TRON has quite the opposite problem: there are plenty of interesting and unique ideas in here, somewhere, they’re just not presented in any tangible way, leaving us feeling disinterested and cold. For this story to succeed, the viewer will have to do all the work; under the influence of psychoactive substances, it could be quite a ride.
Legacy is less of sequel to TRON than a rich re-imagining of its digital landscape; a few characters return, but otherwise this is a wholly new affair. Sam Flynn (Garrett Hedlund) has grown up without a father: dad Kevin (Jeff Bridges) vanished twenty years ago, leaving Sam a highly successful software corporation that the boy couldn’t care less about.
But when old partner Alan Bradley (Bruce Boxleitner) receives a page from Kevin’s old arcade, Sam is off to search for his father. Soon, he finds himself transported from his reality into the Grid: a literalized world of the computer, dark and ominous, where computer programs – represented as sentient beings – battle it out for control of the city.
He finds his father, twice: first, as the young CLU, the program his father created years ago who has assumed control of the Grid (Bridges is de-aged to play the ageless part; his waxy, airbrushed features look fine on the grid, less so in real-world flashbacks). Eventually, he finds his real father, an older Obi-Wan-meets-The-Dude Bridges, who has been trapped in the world of the computer for the past 20 years.
Despite the radical story differences, the original TRON is mandatory viewing before seeing Legacy. So little of the philosophy – the relationship between users and programs, the logic of the digital world – is coherently explained here that virgin viewers are going to be straight-up confounded.
Not that Disney wants you to see the 1982 film; an expected blu-ray release didn’t happen, and the DVD is out of print and fetching prices north of $100 on Amazon. I’ve gone back and forth on TRON: Legacy since first seeing it. Is it good? Is it bad? I’m not so sure. It is, as Richard Dreyfuss instinctively declared of his mashed potatoes in Close Encounters, something.
Legacy has rattled around in my brain for days, time during which I’ve re-watched the original and listened to the Daft Punk soundtrack a number of times. I look forward to seeing it again as soon as I can.

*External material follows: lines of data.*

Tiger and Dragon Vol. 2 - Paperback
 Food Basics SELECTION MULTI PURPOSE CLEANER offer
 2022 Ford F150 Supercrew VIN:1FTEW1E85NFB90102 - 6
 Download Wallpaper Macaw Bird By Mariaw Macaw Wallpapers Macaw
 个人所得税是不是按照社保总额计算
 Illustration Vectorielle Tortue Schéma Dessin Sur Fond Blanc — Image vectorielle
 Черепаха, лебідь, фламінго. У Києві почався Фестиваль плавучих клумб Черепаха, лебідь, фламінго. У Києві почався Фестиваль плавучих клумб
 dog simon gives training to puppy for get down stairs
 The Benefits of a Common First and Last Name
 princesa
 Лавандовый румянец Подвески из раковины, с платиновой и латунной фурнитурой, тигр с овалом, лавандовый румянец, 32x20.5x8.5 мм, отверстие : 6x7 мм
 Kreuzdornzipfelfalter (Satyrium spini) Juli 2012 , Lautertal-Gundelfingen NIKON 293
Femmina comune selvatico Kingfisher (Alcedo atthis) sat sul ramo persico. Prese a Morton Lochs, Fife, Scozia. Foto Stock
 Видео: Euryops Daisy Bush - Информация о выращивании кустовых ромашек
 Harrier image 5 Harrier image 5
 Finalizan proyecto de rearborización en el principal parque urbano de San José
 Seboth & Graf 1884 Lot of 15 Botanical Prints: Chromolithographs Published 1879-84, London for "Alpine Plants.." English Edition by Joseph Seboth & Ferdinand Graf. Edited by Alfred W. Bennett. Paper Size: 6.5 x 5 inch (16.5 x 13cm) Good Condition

That’s gotta be worth something.
I do know this: the visuals are stunning. Fetishistic cyberpunk bodysuits, electric lightcycle bikes, giant mechanical devices that dwarf their surroundings, neon identity discs that become deadly weapons. It’s CGI beyond eye candy: an artistic expression that uses computer graphics to stimulate the mind rather than simulate reality.
And the Daft Punk score (the electronic music duo also appear in the film as masked DJs) is something completely new in cinematic terms: part techno cyberpunk, part 80s John Carpenter synthesizer horror, and a track that riffs on Zack Hemsey’s Mind Heist, which notably featured in the Inception trailer, it’s electrifying stuff that runs right through your veins and transforms the cinema into a techno club.
Rarely have feature film composers (this is Daft Punk’s first soundtrack) been given so much creative freedom. How’s the 3D? In a word, worthless. A message before the film begins asks us to put on our 3D glasses while informing us that portions of the film will be in 2D, “as the filmmakers intended.”
The film begins in 2D, then switches to 3D as Sam enters the Grid. Not all of the cyber scenes are in 3D, however, and many that are barely register: at worst, this becomes a distraction, and I frequently found myself lifting my glasses to discover a brighter, more vivid experience. TRON: Legacy is screening in both 2D and (partial) 3D versions, and I’d recommend catching it in 2D.